When a straightforward medical illustration of a fetus nestled within its mother’s womb was posted to Instagram in December, one simple detail propelled it across the internet, where it received more than 50,000 retweets on Twitter and more than 104,000 likes on Instagram.
The detail? The mother and fetus were Black.
“20 years in women’s health and this is the first time I have seen a Black pregnancy medical illustration ...or any Black medical illustration for that matter,” wrote Dr. Notisha Massaquoi, an assistant professor in the Department of Health and Society at the University of Toronto Scarborough, on Twitter.
Other medical doctors and nurses made similar observations. Dr. Ramla N. Kasozi, a family medicine physician at the Mayo Clinic in Jacksonville, Florida, tweeted that it was her “first time seeing a medical illustration with a Black woman carrying a Black fetus.”
The illustrator behind the viral picture is 25-year-old Chidiebere Ibe, a Nigerian medical student and aspiring neurosurgeon, who describes himself as a self-taught artist.
He says he first took up illustrating medical conditions and human anatomy in July 2020, when it was becoming clear that COVID-19 lockdowns weren’t going anywhere anytime soon.

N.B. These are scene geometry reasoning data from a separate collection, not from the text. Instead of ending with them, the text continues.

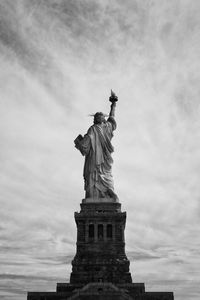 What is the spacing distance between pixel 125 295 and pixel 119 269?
327 centimetres

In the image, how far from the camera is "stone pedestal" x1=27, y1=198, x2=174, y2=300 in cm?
2356

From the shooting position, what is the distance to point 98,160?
102 ft

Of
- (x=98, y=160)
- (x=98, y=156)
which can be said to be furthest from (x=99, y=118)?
(x=98, y=160)

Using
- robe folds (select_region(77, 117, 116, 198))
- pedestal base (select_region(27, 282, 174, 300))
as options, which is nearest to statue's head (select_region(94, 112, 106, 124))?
robe folds (select_region(77, 117, 116, 198))

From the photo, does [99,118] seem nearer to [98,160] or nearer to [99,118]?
[99,118]

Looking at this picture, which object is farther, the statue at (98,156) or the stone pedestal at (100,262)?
the statue at (98,156)

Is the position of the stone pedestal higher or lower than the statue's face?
lower

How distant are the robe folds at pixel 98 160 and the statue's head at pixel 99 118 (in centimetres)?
38

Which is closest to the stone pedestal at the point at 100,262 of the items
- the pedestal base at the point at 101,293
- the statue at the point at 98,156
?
the pedestal base at the point at 101,293

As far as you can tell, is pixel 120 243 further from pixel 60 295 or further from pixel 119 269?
pixel 60 295

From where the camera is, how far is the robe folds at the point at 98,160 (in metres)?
30.2

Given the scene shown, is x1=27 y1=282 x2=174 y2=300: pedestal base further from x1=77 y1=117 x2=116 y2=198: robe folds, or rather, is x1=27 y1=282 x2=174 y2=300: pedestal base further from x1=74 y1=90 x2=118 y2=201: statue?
x1=77 y1=117 x2=116 y2=198: robe folds

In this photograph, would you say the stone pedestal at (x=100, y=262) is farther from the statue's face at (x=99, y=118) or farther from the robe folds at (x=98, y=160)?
the statue's face at (x=99, y=118)

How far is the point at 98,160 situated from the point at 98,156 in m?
0.34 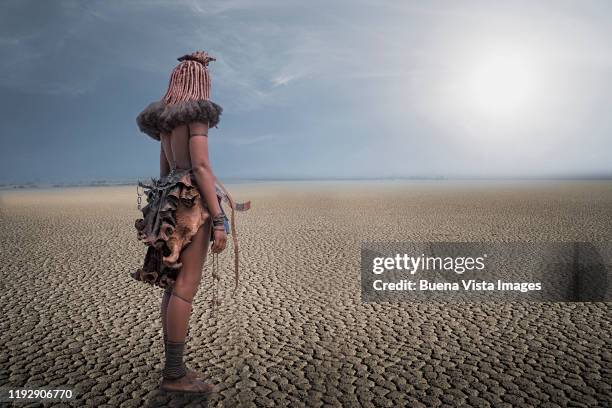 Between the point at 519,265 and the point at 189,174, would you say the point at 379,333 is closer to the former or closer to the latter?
the point at 189,174

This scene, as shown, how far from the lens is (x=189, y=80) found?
2.88 m

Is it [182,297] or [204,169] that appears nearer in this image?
[204,169]

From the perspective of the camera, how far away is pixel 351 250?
883 cm

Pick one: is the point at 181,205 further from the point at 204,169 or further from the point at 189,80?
the point at 189,80

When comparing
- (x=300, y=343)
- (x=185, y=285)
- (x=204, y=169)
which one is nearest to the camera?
(x=204, y=169)

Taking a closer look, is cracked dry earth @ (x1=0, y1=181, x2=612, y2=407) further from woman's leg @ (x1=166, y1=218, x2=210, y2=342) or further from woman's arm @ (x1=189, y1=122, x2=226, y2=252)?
woman's arm @ (x1=189, y1=122, x2=226, y2=252)

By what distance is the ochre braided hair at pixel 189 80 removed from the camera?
2.87m

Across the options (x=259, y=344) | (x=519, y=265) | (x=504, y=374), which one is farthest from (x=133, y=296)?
(x=519, y=265)

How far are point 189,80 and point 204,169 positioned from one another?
23.1 inches

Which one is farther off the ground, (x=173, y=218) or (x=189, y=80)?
(x=189, y=80)

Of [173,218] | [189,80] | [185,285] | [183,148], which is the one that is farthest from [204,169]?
[185,285]

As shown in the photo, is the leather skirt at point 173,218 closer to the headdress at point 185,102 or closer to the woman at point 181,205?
the woman at point 181,205

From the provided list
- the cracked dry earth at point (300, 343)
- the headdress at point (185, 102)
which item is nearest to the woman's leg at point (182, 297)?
the cracked dry earth at point (300, 343)

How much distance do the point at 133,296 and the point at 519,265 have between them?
5822 mm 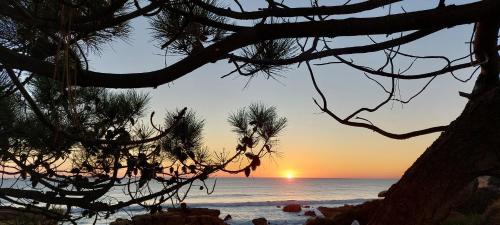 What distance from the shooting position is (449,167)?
1771mm

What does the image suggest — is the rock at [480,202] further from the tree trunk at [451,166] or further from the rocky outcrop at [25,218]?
the tree trunk at [451,166]

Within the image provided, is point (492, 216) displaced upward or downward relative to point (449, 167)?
downward

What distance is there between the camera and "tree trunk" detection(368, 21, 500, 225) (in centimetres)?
176

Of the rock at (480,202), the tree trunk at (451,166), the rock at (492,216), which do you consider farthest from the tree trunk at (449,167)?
the rock at (480,202)

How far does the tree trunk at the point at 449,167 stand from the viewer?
1.76m

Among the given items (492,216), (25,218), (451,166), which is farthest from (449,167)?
(492,216)

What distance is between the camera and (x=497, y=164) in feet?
5.78

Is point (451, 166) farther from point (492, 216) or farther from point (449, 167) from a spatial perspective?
point (492, 216)

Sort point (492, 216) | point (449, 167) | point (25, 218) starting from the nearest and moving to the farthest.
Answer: point (449, 167), point (25, 218), point (492, 216)

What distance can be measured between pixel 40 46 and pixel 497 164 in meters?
1.79

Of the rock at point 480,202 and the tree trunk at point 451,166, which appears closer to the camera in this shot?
the tree trunk at point 451,166

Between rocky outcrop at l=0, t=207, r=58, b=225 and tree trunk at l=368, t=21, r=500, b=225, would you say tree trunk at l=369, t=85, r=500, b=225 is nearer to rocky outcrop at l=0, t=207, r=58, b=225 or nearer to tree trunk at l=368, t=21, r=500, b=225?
tree trunk at l=368, t=21, r=500, b=225

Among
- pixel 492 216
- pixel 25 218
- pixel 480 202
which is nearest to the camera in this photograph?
pixel 25 218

Needing a way to make money as he prepared to enter medical school, Ibe turned to a mentor who suggested that he combine his love of art and medicine by working as a medical illustrator. By the end of the year, Ibe had become creative director of the Journal of Global Neurosurgery.
From his very first illustration, he says he intentionally chose to color Black skin.
“It was a very thoughtful [decision],” says Ibe in an interview over Zoom. “Because, when I started drawing, I had done a lot of research and I saw that all the drawings were of White skin.”
He points to a University of Pennsylvania study from April 2020, which examined images within general medicine textbooks. Despite the fact that the U.S. is becoming more racially and ethnically diverse, the study found that just 4.5% of illustrations in medical textbooks showed dark skin.
“That’s quite a low number,” Ibe says. “And I strongly believe that if drawings are diverse and inclusive, then students will find it more interesting to study. … How many medical students are out there who have wanted to see themselves?”
Not only does he believe these drawings help others envision themselves in the medical field, but he says they also improve the level of health care patients receive, especially in fields such as dermatology where visual diagnosis can vary by the background skin type.
“For example, if a Black patient with a skin condition comes to a White doctor who doesn’t have the experience of seeing [the condition on Black skin], that could be negative. So this is why drawings, if inclusive, would help mitigate their chances of misdiagnosis. It has so much to do with improving our health sector … because the foundation for improving the health care sector is education.”
Ibe has been sharing medical illustrations on his Instagram account, “ebereillustrate,” since July 2020. Since then, he’s posted roughly 60 illustrations, depicting various surgical procedures and conditions, such as ovarian cancer, cervical spondylosis and measles.
“This is so necessary. I can’t count the numerous hours I’ve spent searching for images of various skin conditions ‘on black people,’” wrote one person on two illustrations featuring seborrheic dermatitis and heat rash.
Ibe says he has always wanted to pursue medicine — a goal that solidified when he lost his mother to cancer around the age of 13.
“Being a young child and going through that pain, it gave me more courage to press on forward in what I wanted and what I believed in,” says Ibe, who aspires to be a pediatric neurosurgeon. “I want to give children the peace and happiness they deserve through surgery.”
Having graduated with an undergraduate degree in chemistry from the University of Uyo in Nigeria, Ibe is in his first semester of medical school at Kyiv Medical University in Ukraine.
Preparing to pay for tuition, he created a GoFundMe campaign in June 2021, hoping to raise $21,400. For the first couple months, he says the campaign had raised about $190. But once his illustrations went viral, that total shot upwards. As of publication, the campaign has now raised $41,700 — nearly twice his original goal.
“I feel grateful for everything, I feel blessed about everything,” he says.
He adds that he has been overwhelmed by reading the reactions of people, saying that he hadn’t realized the impact his drawings were having until they went viral.
“Reading through everything and just seeing the joy, I understand that this is not just a medical illustration but a piece of art.”